Globalized consumption is so boring. It has happened everywhere, and everywhere its effects have been the same. Globalization (or Americanization—which often amounts to the same thing) says the same old story: The old world that was shaped by its immediate geography crumbles and is transformed into a new world that is connected to urban centers in Asia, Europe, and, ultimately, the U.S. Tribesmen turn in their sandals for Nike sneakers; shepherds spend their free time watching Oprah Winfrey. But the once-amazing image of a tall and thin Masai warrior using a Visa card to purchase a cow now only provokes a yawn. The time has come to move beyond the limits of amazement and actually give this economic process proper thought rather than mere reflection.

The work of Philippines-born and San Francisco–based artist Stephanie Syjuco does precisely this. It is not dazzled by the phantasmagoria of planetary capitalism but instead uses its physical and visual commodities as the very material (and subject) of her sculptures, photographs, and media installations.

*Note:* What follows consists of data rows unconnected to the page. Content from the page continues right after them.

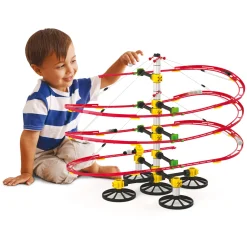 Quercetti Knikkerbaan Suspension, 132dlg.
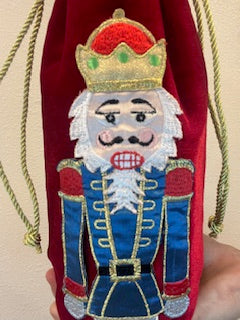 13 Inch Velvet Blue Nutcracker Bag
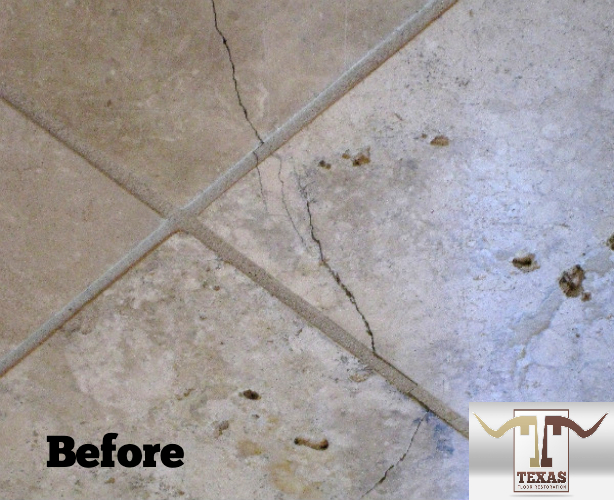 Travertine Floor Before 3 1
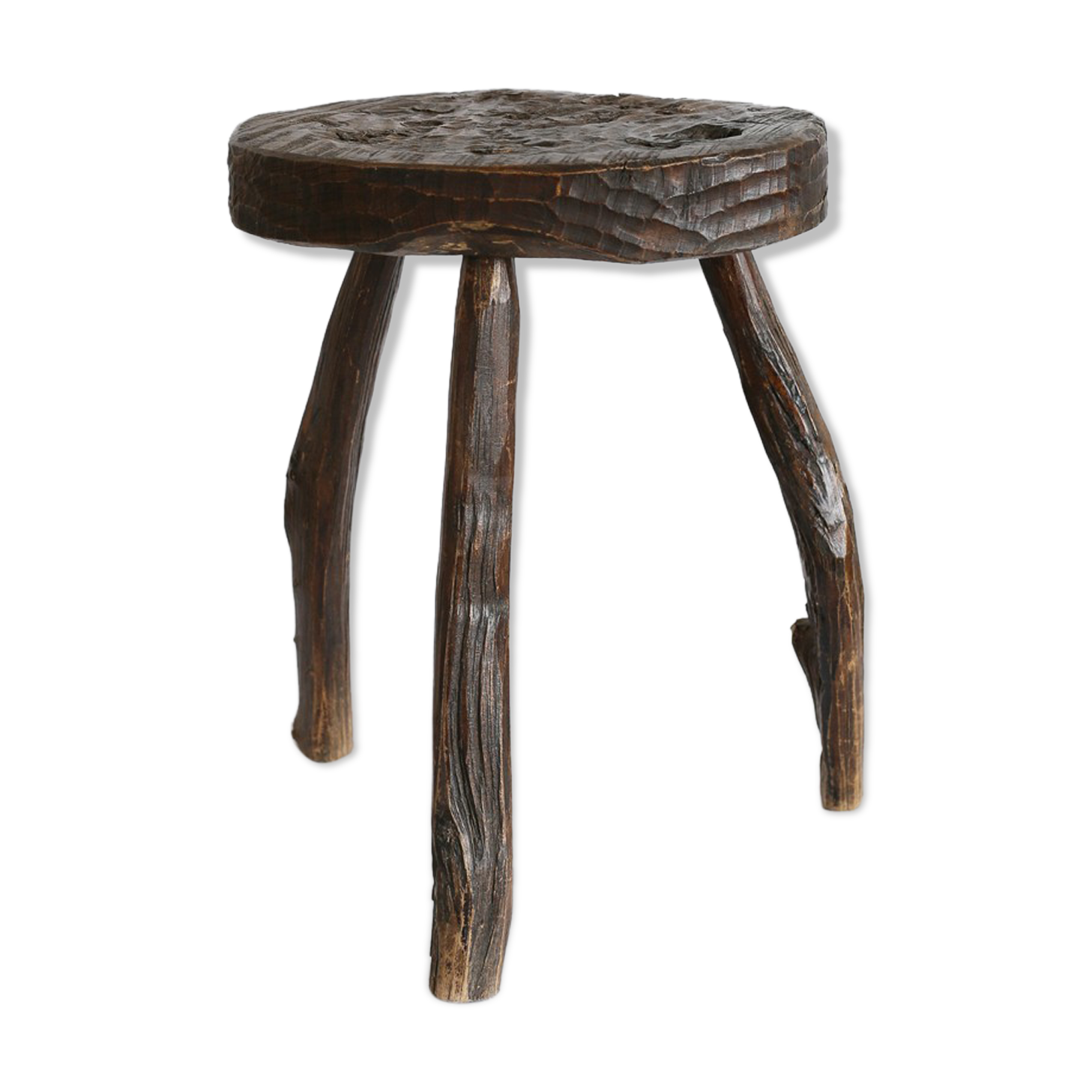Tabouret brutaliste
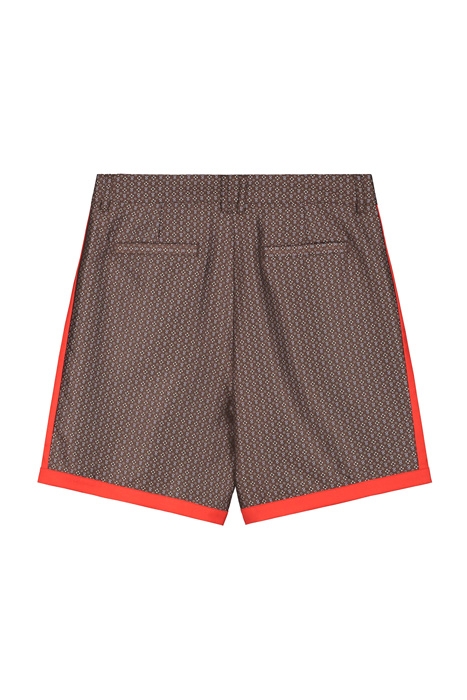 BROWN KENTON SCARF SHORTS 4
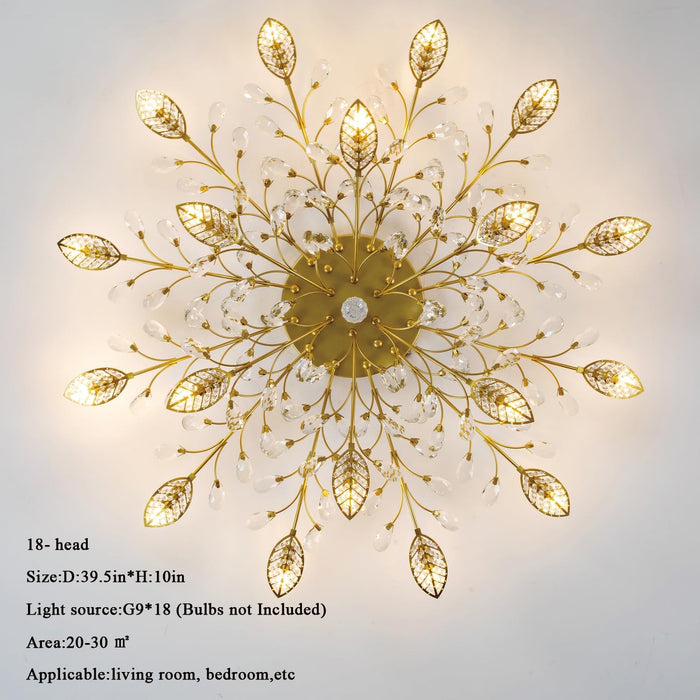 Crystal Luster Ceiling Light Chandelier Semi Flush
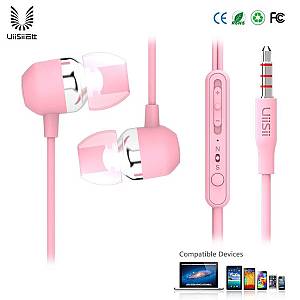 UIISII - Handsfree U3 Round cable PINK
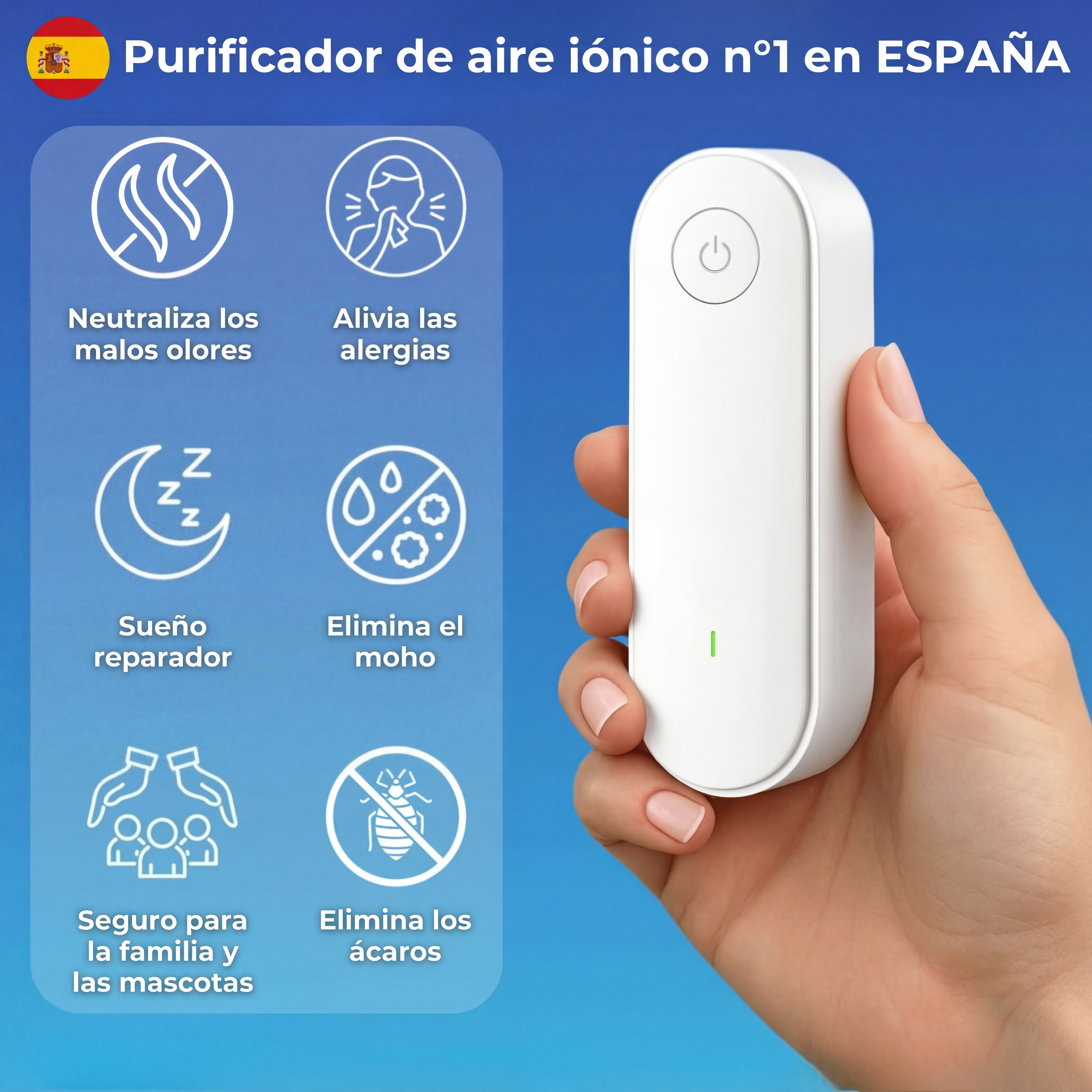 Purificador HarmoniaDivine™: Adiós a las Alergias, Moho y Olores en Todo tu Hogar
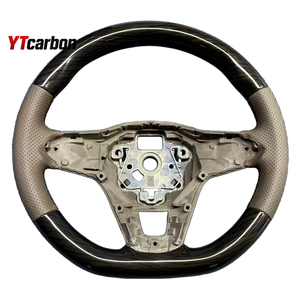 Volant en cuir suédé italien personnalisé YTcarbon pour New <span class=keywords><strong>Caddy</strong></span> Crafter California, pièces automobiles modifiées, accessoires intérieurs de voiture - Product Image 6
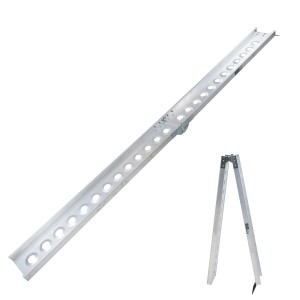 TRUTZHOLM klappbare Auffahrschiene, 240 cm, Alu, für Autoanhänger, Tragkraft 50 kg.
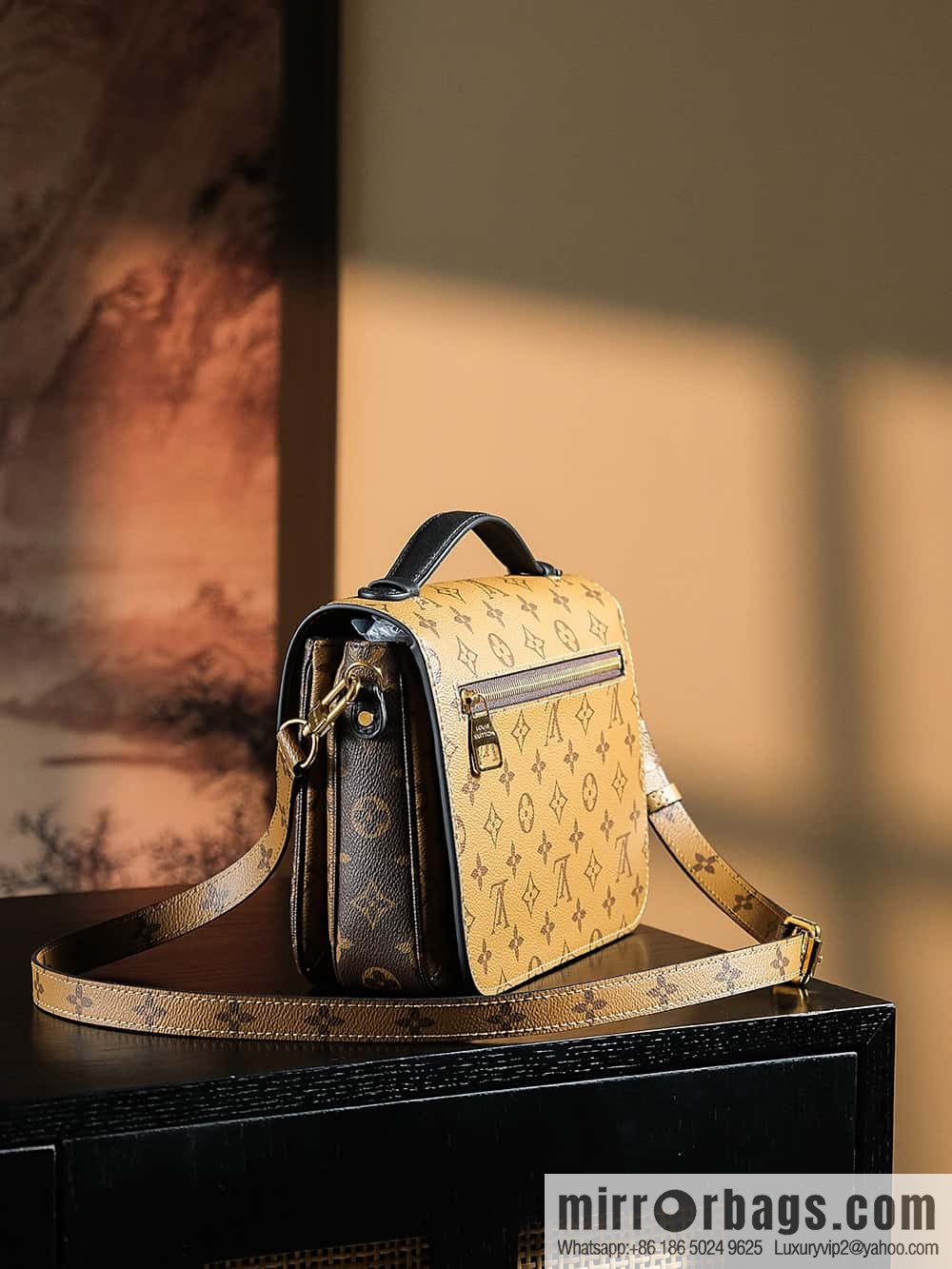 LV 𝐏𝐎𝐂𝐇𝐄𝐓𝐓𝐄 𝐌𝐄𝐓𝐈𝐒 chip rhombus code messenger bag series M44876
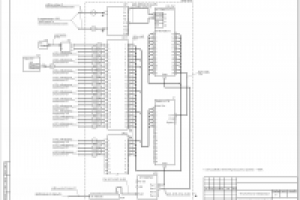 Схема электрических соединений ЛВС и телефония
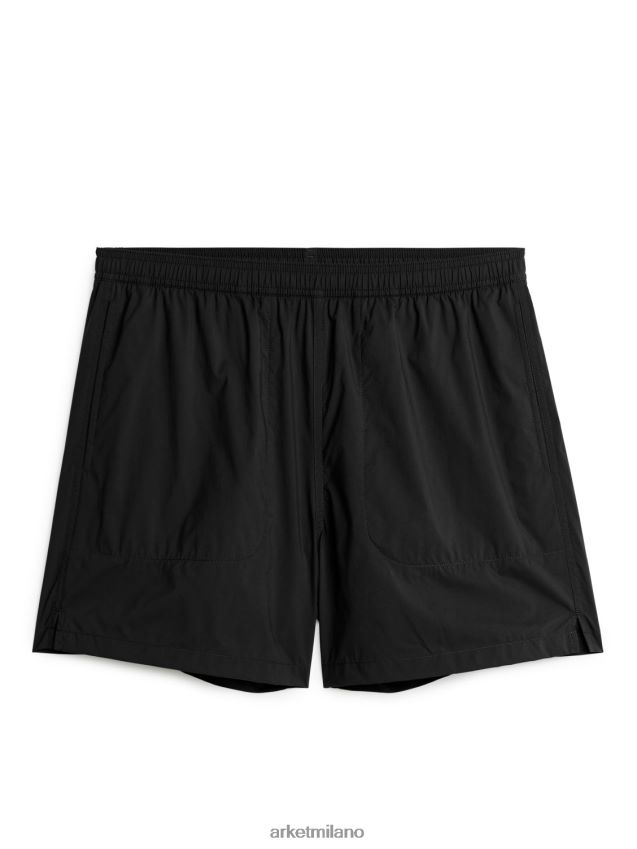 vestiario esso ARKET uomini pantaloncini elasticizzati attivi nero 6F0F6L1202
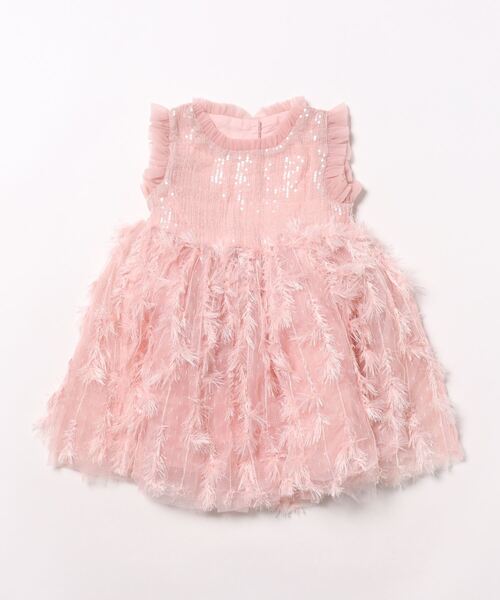 キッズ ノースリーブワンピース み様 ami amie ワンピース 切替ノースリーブワンピース キッズ 子供服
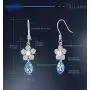 Sllaiss 925 Sterling Silver Blue Teardrop Earrings Austria Crystals Flower Dangle earrings Pearl Drop Earrings for Women Sllaiss 925 Sterling Silver Blue Teardrop Earrings Austria Crystals Flower Dangle earrings Pearl Drop Earrings for Women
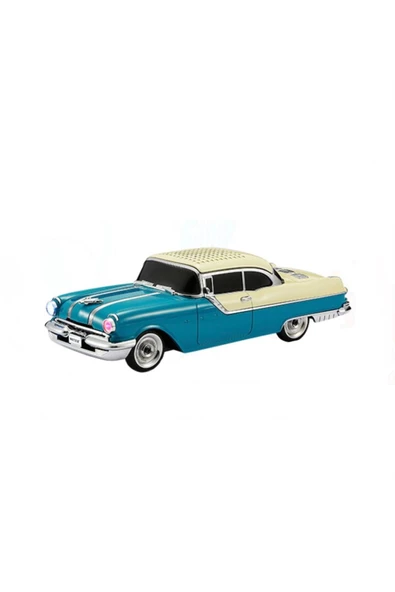 ULTRATEKNO Nostaljik Pontiac Araba 1955 Model Bluetooth Hoparlör Fm Radyo USB Tf Aux Destekli Speaker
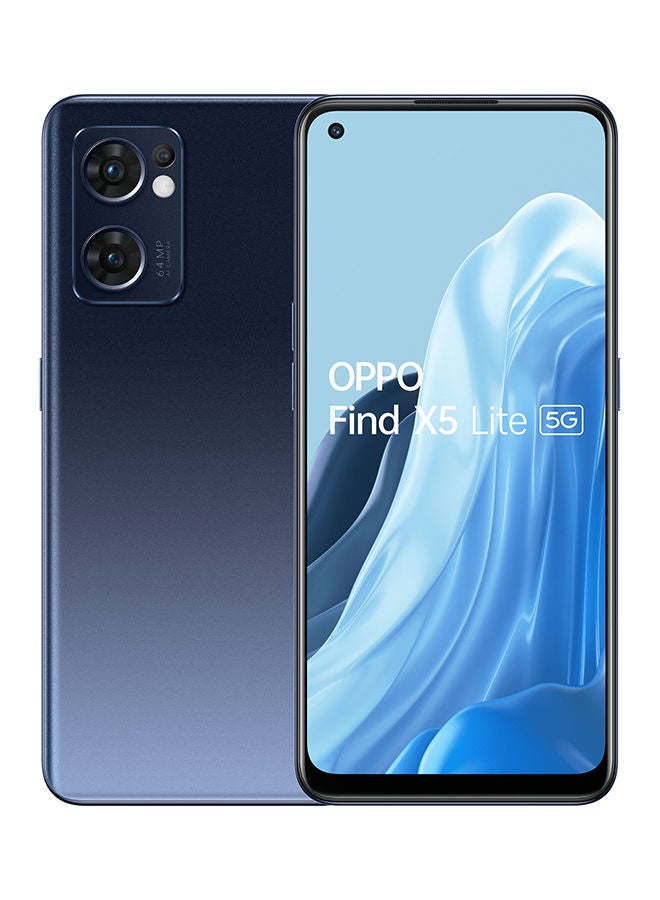 OPPO - Oppo Find X5 Lite Dual Sim Black  256Gb 8Gb Ram 5G - International Version - Image 1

Syjuco's present exhibit at the James Harris Gallery, Black Market, has three components: one is color photographs of Filipino markets packed with black goods—figuratively and literally. The products and produce on tables and in stalls have been blacked out, and what we see are the people, the market boys and mothers. One picture is all black except for a woman, who has about her that sense of pride we find in the faces of merchants in 17th-century Dutch paintings (a man among what Henry James called his "empire of things"). As if having fallen out of these big and redacted pictures, there are on display small sculptures of commodities that are blackened by latex. It is almost impossible to tell what these objects once were (Coca-Cola can? Sony Walkman?), but now they look like things from the alternate (or negative) universe of our positive galaxy of commodities.

The star of the exhibition, however, is the video Body Double, which is a severe redaction of Platoon, a movie set in Vietnam but filmed in the Philippines. Syjuco blocked out all of the action and all of the American faces—she shows only the surrounding landscape in long and short four-sided shapes that fade in and out. What we see is the beauty and peace of the Philippines. We see its clear and cloudy skies, green mountaintops, big trees, and tall grass swaying in the wind. We also see the source of all things: the sun, which is white-hot with a yellow aura. It's hard to believe that this was once a war movie; the island's geography is so tranquil and paradisiacal.

Syjuco downloaded the film from the web, and so its quality is not very good; but this works only to deepen the mystery of the preternatural (prelapsarian) peace breezing through the trees and the vegetable life on the mountain slopes. Politically, Body Double represents something higher than appropriation, higher than a Filipino American's ordinary effort to reclaim the image of her home country from Hollywood; it is nothing less than the transmutation of an image commodity (Platoon) into a serious work of art. Though not the original, Body Double is the real thing.